• [Given records]

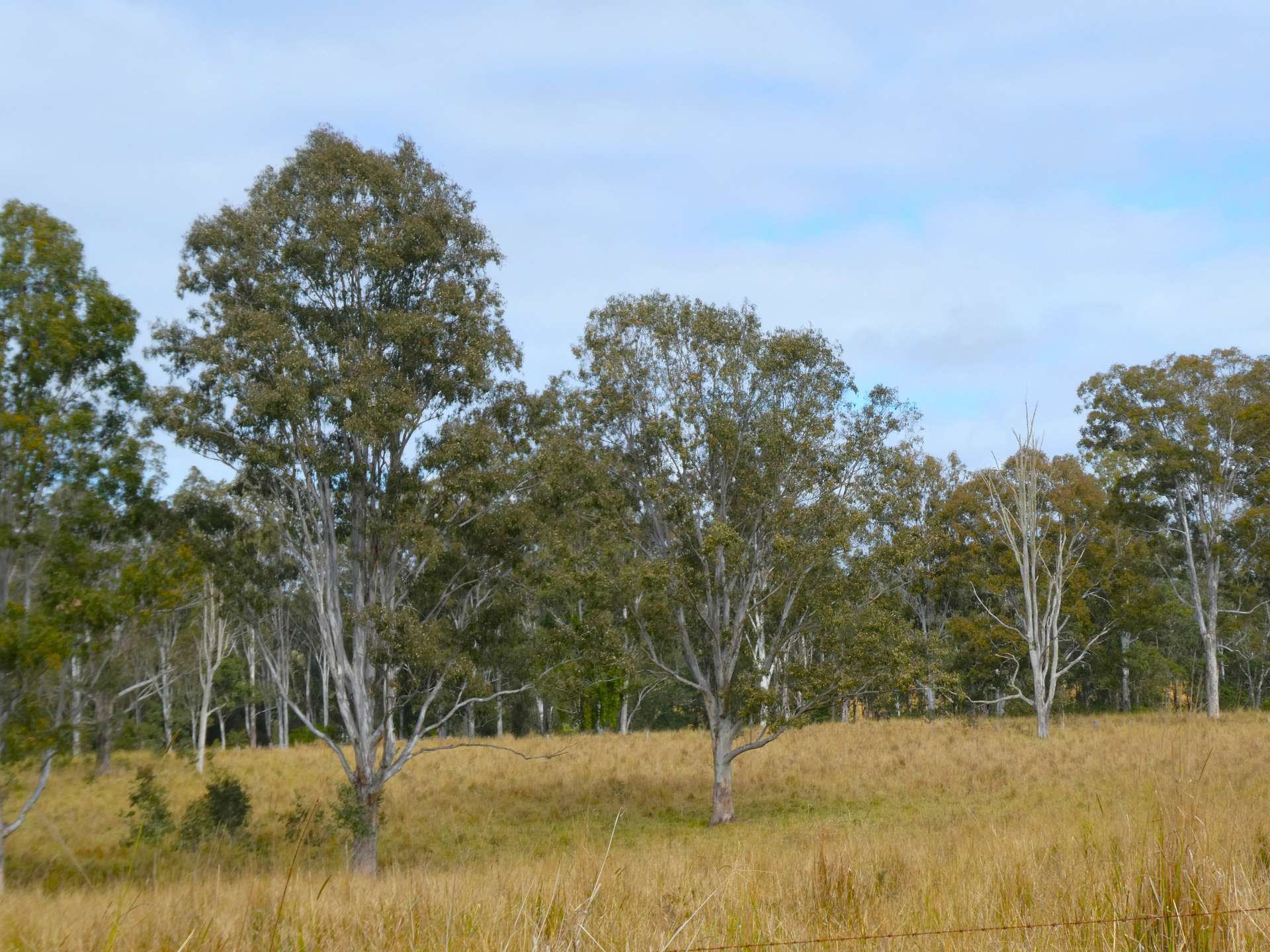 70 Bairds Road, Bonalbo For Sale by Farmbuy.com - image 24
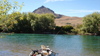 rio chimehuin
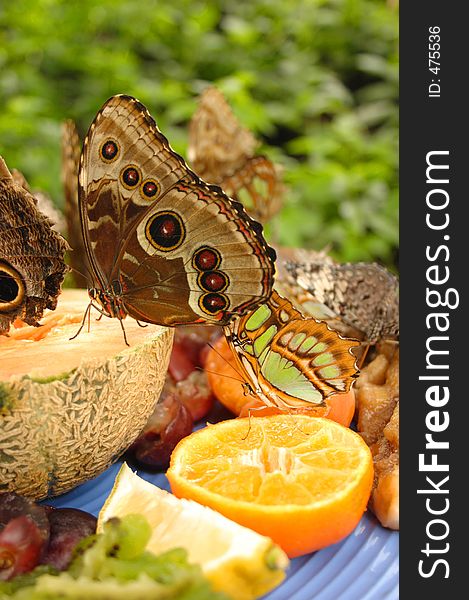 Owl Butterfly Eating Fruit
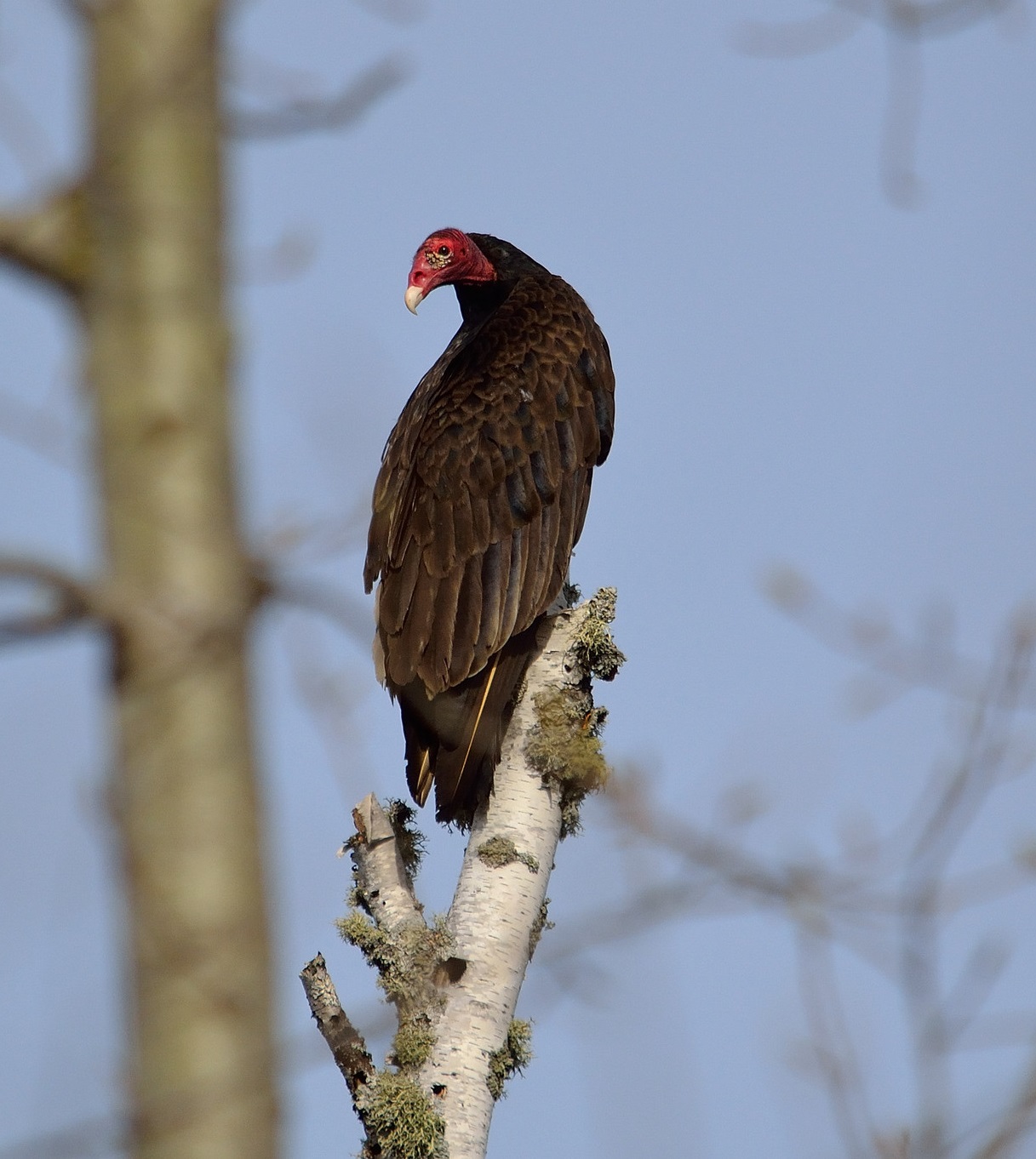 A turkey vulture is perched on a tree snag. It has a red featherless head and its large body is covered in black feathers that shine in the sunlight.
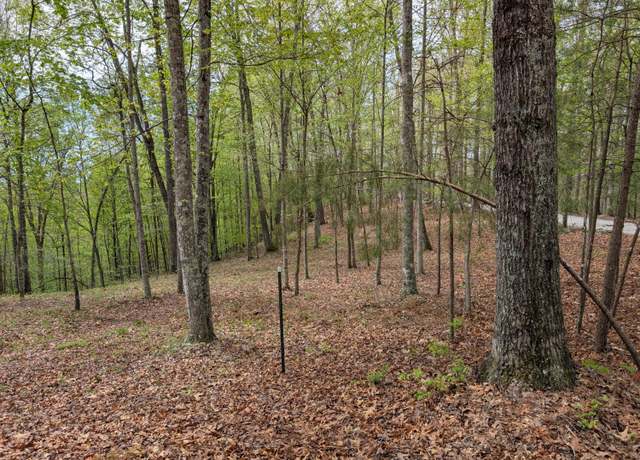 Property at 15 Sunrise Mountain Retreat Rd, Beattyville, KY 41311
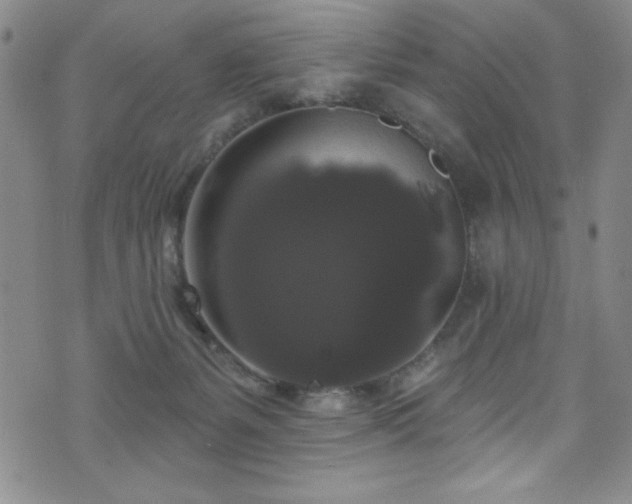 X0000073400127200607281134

--

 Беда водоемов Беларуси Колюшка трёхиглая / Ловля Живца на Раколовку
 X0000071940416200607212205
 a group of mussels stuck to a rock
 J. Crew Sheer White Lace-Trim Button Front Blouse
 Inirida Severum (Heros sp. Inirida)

• [What this task involves]
Going back to the data above, write out everything from the line with "70 Bairds Road, Bonalbo" down to the line with "X0000073400127200607281134", both included, leaving every picture out.

• [Written response]
 70 Bairds Road, Bonalbo For Sale by Farmbuy.com - image 24
 rio chimehuin
 Owl Butterfly Eating Fruit
 A turkey vulture is perched on a tree snag. It has a red featherless head and its large body is covered in black feathers that shine in the sunlight.
 Property at 15 Sunrise Mountain Retreat Rd, Beattyville, KY 41311
 X0000073400127200607281134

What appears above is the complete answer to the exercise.